Around them, outside the circle made by Rudi’s cries and Anna’s frantic repetitions of ‘It’s okay, lovie, it’s okay’ – charms
already broken by the disaster she should have prevented – questions and suggestions flowed.
‘What happened?’
‘What did he do?’
‘Qu’est-ce qu’il y a?’
The crowd – all women – addressed themselves to the first who had spoken, their queries laconic rather than urgent. This wasn’t their emergency, so they settled in to enjoy it. They were censorious too, staring accusingly at Anna, as if she had stabbed the child. Or, at least, had failed to protect him. If you were French, this would not have happened, they seemed to say. In the heat of their gaze, Anna felt herself to be careless, lazy, without standards. Her chaotic foreignness had allowed this disaster, so, although they were prepared to stand and watch, the women did not offer to help.

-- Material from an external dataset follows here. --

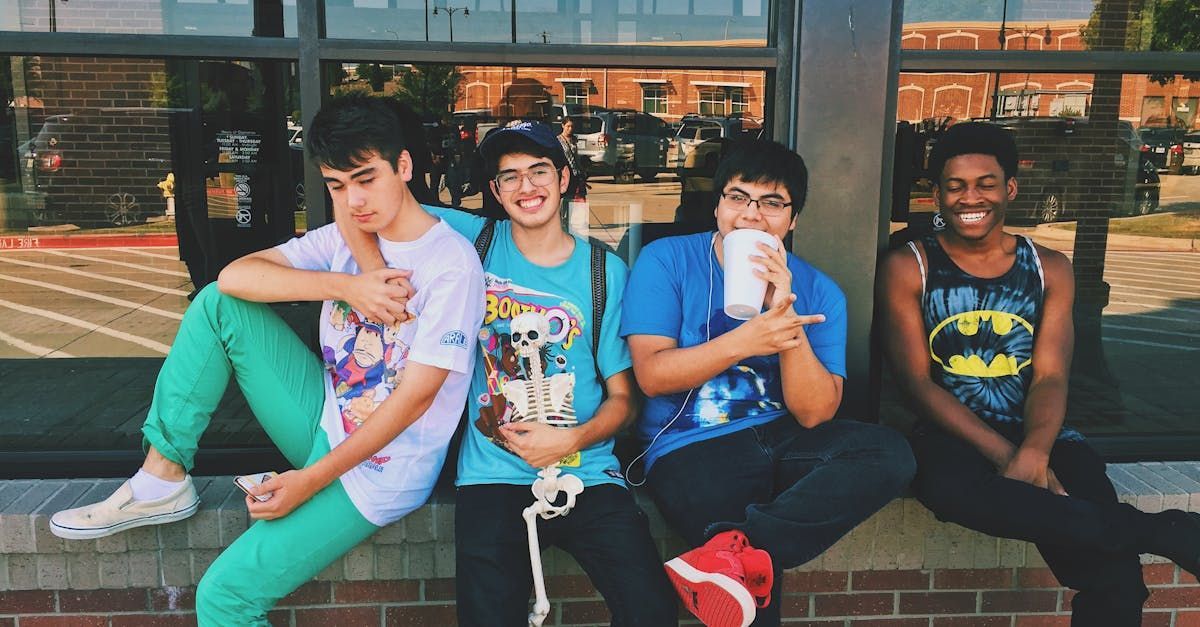 A group of young men are sitting on a brick wall.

The glass, green and Gothic, was stuck deep into Rudi’s pudgy foot. The soft sand must have offered some hidden thing, Anna thought, a rock, perhaps, against which the glass had leveraged. Rudi, running unsteadily with a full bucket of water, had done the rest.
Trying not to think of severed tendons or tiny slivers working their way into Rudi’s bloodstream, Anna plucked out the glass, then washed off the blood, slopping seawater from Rudi’s bucket onto his sticky foot.
‘Weren’t you clever to bring this?’ she said, forcing calm into her voice, trying to distract him from the pain.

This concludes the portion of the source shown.